When you hear that Mark Beringer is chief winemaker for Beringer Vineyards, it makes sense. It sounds as if Mark, great-great-great-grandson of founder Jacob Beringer, is the latest in a long line of family members to make one of the iconic wines of Napa Valley.

Beringer Private Reserve Cabernet Sauvignon is certainly iconic. Since it was created in 1977, Beringer Private Reserve has been one of America's most highly regarded Cabernets: a safe go-to choice in steakhouses (especially on expense account meals); a wine to buy by the case and store, opening one on special occasions. Unlike the what's-new-and-hot cult Cab scene, Beringer Private Reserve is a wine where time is kept in decades.

But a Beringer making Beringer Private Reserve: that's completely new.

The last Beringer to be winemaker was Otto Beringer Sr. (Mark's great-grandfather), who made sacramental wine to keep the winery open during the depression. Roy Raymond Sr. married Otto's daughter Martha and took over as winemaker, working there for nearly 40 years until he and his relatives decided to sell in 1971. There was no Private Reserve then. So, the first time a Beringer has been in charge of it came after Mark took the chief winemaker job last April.

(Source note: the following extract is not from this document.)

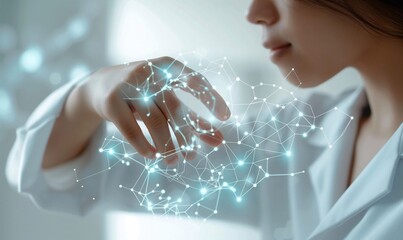 scientist uses forefinger to touch a floating holographic review generative ai  art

Mark Beringer, 48, was three years old when his family sold the winery to Nestlé. "They kept the strip of land in front of the winery," he told Wine-Searcher. "I remember running around up here."

The winery grounds look serene, but the business history has been anything but. The company went public in the '90s, and the Australian beer company Foster's launched an aggressive takeover, buying all the outstanding stock and combining it with its Australian wine portfolio. The resulting company has been restructured more than once and, today, Beringer is owned by Treasury Wine Estates, which has been rocked by the business challenges facing large-production Australian wine.

Beringer Private Reserve is one of Treasury's crown jewels, and ownership has been smart enough to see the value in that. For example, in an off vintage, they will downgrade the grapes into a cheaper wine rather than hurt the image of Private Reserve.

"In 2011 we made 1500 cases," Beringer said, and note the pronoun even though he wasn't at Beringer. "In '12 and '13 we were up around 10,000 cases."

The grapes typically come from seven vineyards around Napa Valley, but "it could be from any one of the seven", Beringer says.

In January, Treasury acquired 2000 more acres of Napa Valley vineyards in a huge purchase from Diageo, but there are currently no plans to use them in Beringer Private Reserve. Some of those already go into the flagship wine of the newly acquired brand Beaulieu Vineyard, Georges de Latour Reserve.

"We don't want to rob from the Latour," Beringer said. "We don't want everything to be a charred oak, homogenous wine. BV to me is just Rutherford. When you try the Latour next to the Beringer Private Reserve, they're both great wines and they're both very different. They should stay that way."

When asked about the philosophy behind Beringer Private Reserve, Beringer said: "The vision is to make a big, powerful, ageworthy wine that's very reflective of where it came from. There's a lot of mountain fruit in the wine. The key to the Beringer Private Reserve is getting all those layers in there. You want to get layer on layer to get that complexity."